A Modern French Republic

A MODERN FRENCH REPUBLIC, By Pierre Mendes France, Hill and Wang, 205 pp., $3.95

Pierre Mendes France has been, with the possible exception of Charles de Gaulle, France's most imaginative statesman since the war. Stiffled under the Fourth French Republic (his energetic government was overthrown after only seven months) and shut out of the Fifth (he was voted out of his parliamentary seat in the Gaullist landslide of of December, 1962), he sets forth here his proposals for the "modern" republic which must emerge after the Gaullist "interlude."

Mendes argues that the essence of "modern" politics is the accurate reflection of the desires of various social-economic groups. France's failure to erect a political structure reflecting the drastic changes in French economic life since the Second World War has condemned her to a politics of personality in which "a president is sold like a brand of cigarettes or toothpaste."

His answer to the problem is to inject a dose of economic corporatism into a political framework which has traditionally revolved around ideological issues. In addition to the popularly-elected National Assembly, Mendes would see a second house composed of the representatives of labor unions, professional organizations, and consumer groups. Corporatism has been unpopular in France since the efforts of the wartime--and collaborationist--Vichy governments in that direction; but Mendes contends that corporatism is dangerous only when it is given complete control of the state, or when the institutional structure fails to register changes in economic realities.

Such a plan, however, has several difficulties, which Mendes chooses to ignore. One is the dominant role of the Communist Party in French labor. Long-time followers of a "hard" line, the French Communists would be unlikely to put the strength of their trade-union arm, the Confederation of Labor (CGT), strongly behind such a system, for fear of weakening their independent position. A second is France's highly complex and fluid corporate structure, a consequence of its late industrialization and as-yet-unreformed anachronisms in the agricultural sector. Until the gradual unification of a national market is complete, corporatism will face rough going in practice.

Mendes split some years ago with the Radical Party--a party of small producers, of generally libertarian and laissez-faire attitudes; reading his suggestions, one wonders how he and the Radicals ever got together in the first place. His view of the state is strongly planiste--he sees the state as exercising wide responsibilities in both public and private sectors of the economy. He would have electoral campaigns fought on explicit and detailed programs of state planning.

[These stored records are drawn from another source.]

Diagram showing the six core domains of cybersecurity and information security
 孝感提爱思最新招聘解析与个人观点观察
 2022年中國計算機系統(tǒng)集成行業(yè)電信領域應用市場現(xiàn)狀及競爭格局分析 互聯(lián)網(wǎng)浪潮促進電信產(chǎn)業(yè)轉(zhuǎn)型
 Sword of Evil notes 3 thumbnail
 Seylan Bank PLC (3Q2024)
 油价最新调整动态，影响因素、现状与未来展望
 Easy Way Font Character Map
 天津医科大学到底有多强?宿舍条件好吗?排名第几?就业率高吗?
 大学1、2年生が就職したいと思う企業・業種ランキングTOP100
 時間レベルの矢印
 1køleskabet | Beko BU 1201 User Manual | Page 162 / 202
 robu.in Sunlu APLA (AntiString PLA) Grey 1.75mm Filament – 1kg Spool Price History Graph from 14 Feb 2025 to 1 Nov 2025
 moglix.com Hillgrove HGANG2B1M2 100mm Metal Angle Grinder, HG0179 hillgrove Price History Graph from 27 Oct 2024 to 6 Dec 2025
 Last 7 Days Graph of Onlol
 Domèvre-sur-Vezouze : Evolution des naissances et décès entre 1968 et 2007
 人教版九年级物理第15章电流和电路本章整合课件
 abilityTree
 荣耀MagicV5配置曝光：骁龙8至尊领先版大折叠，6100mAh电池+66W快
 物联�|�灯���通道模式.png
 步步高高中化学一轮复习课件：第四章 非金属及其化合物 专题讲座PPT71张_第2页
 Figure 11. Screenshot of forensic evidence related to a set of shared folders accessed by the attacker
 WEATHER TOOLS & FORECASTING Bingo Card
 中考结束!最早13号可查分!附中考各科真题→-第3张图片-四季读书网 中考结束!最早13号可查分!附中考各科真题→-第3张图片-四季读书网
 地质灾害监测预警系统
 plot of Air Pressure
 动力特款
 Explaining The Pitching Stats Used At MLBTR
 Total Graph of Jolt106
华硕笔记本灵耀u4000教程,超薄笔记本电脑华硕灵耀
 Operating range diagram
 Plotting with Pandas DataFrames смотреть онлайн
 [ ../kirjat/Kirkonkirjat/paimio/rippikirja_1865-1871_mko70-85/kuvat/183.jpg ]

Only when the electorate has a firm idea of the intentions of the candidates is democracy truly operative; and only in this way can the influence of personality in politics be reduced.

These fears on the personalization of French politics seem to have been borne out by a recent development; the present Socialist candidate for the Presidency, Gaston Defferre, has refused to detail a platform on the ingenuous ground that "all promises are demagogic."

Mendes' analysis is often one-sided; like most technocrats, he underestimates the durability of emotional and ideological factors in politics and their often-positive value in rallying national energies. Yet France has traditionally been over-concerned with ideology to the detriment of her economic development; and such suggestions have an important corrective value. Whether or not they will have much practical effect in a country where politics is viewed as a form of protest rather than of affirmation is another question.